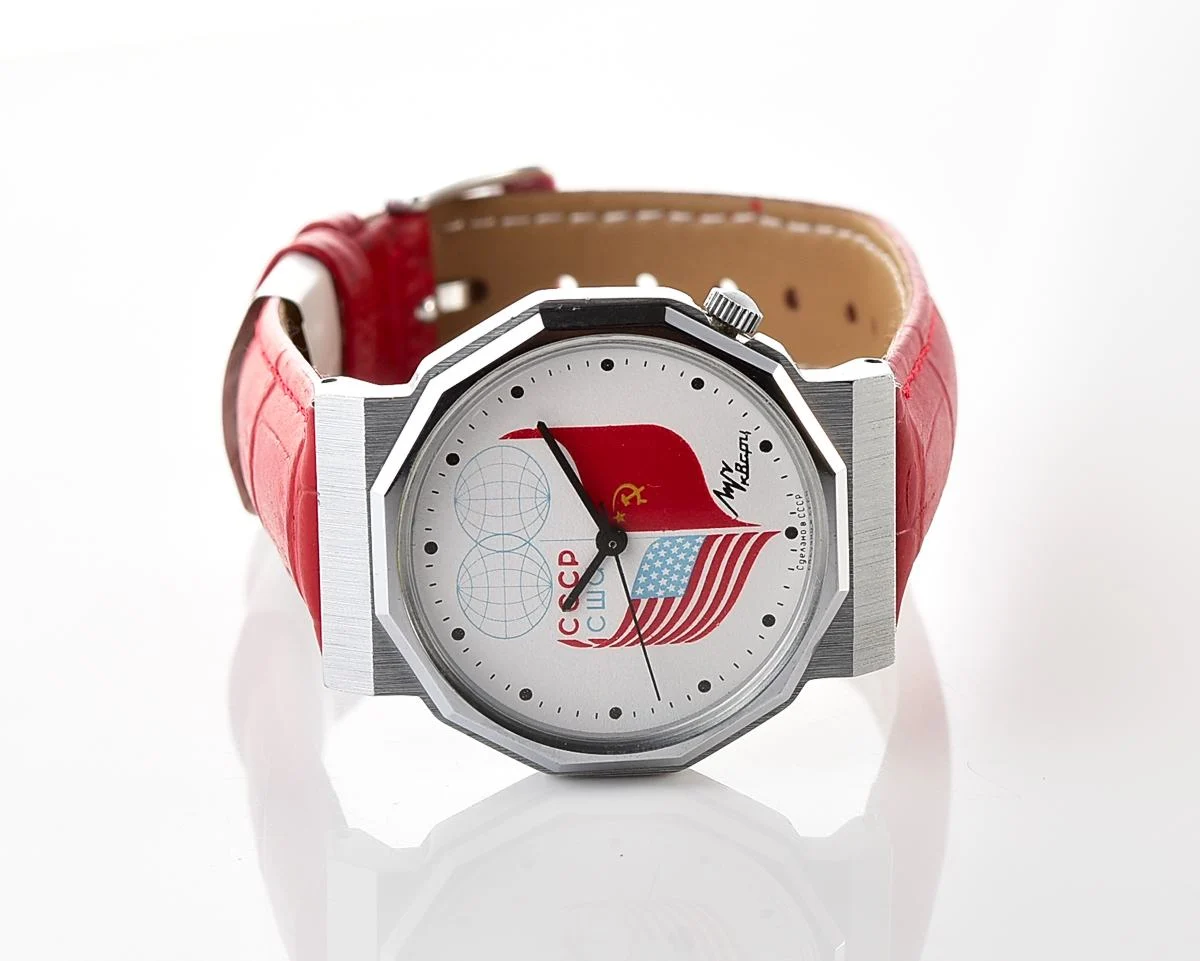 Soviet Luch wrist watch with quartz movement - USA & USSR friendship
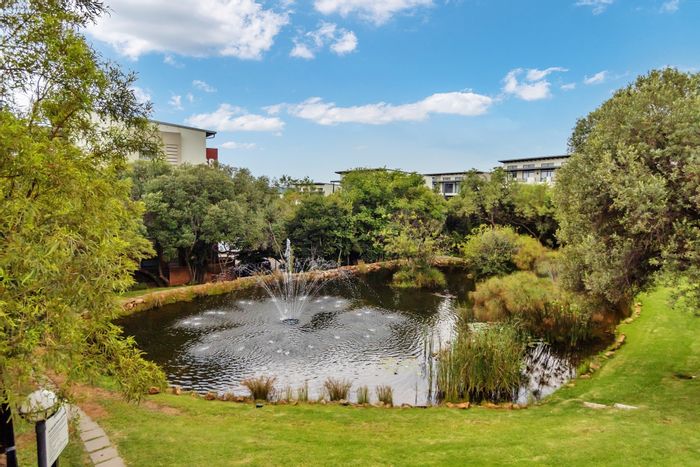 For Sale: 2-Bedroom Apartment in Fourways with Gym, Pool, and Secure Living.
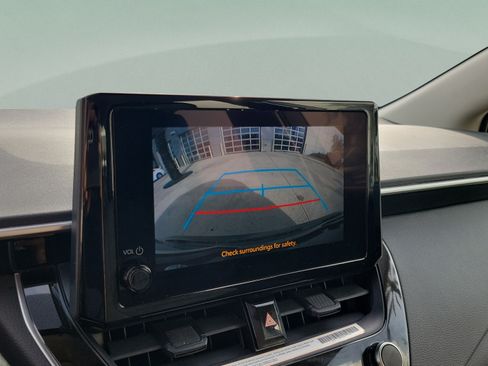 Used 2024 Toyota Corolla LE FWD image 15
--*--
▸ **DIRECTIONS**
From the first line to the last, output the data exactly, without the pictures.

▸ **EXERCISE SOLUTION**
 Soviet Luch wrist watch with quartz movement - USA & USSR friendship
 For Sale: 2-Bedroom Apartment in Fourways with Gym, Pool, and Secure Living.
 Used 2024 Toyota Corolla LE FWD image 15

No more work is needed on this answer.